We shot the Loess Hills Paladin Jackpot shoot at Shady mountain yesterday on two lanes with 15 shooters. We had an odd number shooters but because we only had two lanes we could not use the CFDA bye procedure.  I have written on the inherent unfairness of the CFDA bye previously, see "Muster matters, Format matters, Newbies learn!", 9/17/2018.  In a comment to that post Rodeo Romeo suggested a solution of having the last three shooters to continue to shoot until there is a winner among the three then the other two shooters both get an x.  This suggestion has great merit and should be considered by CFDA. It would go a long way in solving the inherent unfairness that is especially troublesome in last man standing events.  However, we could not use this suggestion because we only had two lanes.
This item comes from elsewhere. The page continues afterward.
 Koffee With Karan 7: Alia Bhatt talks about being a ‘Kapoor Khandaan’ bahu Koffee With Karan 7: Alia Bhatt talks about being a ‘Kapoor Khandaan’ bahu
What we did was to take the loser of the last full group and have he or she shoot against the odd bye shooter.  That way nobody got to advance without shooting the format of the match.  (The inherent problem with the CFDA bye is that the bye winner moves forward without competing in the format of the match.)  This worked well until we had two losers in the final full group (possible with Arizona Five.)  In that event, we had a one shot shoot off for the opportunity to shoot against the bye shooter, winner getting that opportunity.

This bye procedure worked well.  I would note that the two top seeds both saved an x with this bye solutions. Remember in CFDA scoring wins do not matter.  We score by loses that is "x"s.

Other Comments: 

Generally, the Arizona Five format worked well.  We shot 6 rounds in 3 hours, 15 shooters on 2 lanes.  The gunfighter ratings of the gunslingers were lower than what you would expect at a club event, but that is what you would expect of Arizona Five because it is a little tougher format than 3 winning shots and therefore better for a practice event.  If you want to get better at titled events, shoot Arizona Five!  If you are going succeed you have to hit now, within the first 5 shots, there is no 7,8,9,10, etc shots to redeem you. 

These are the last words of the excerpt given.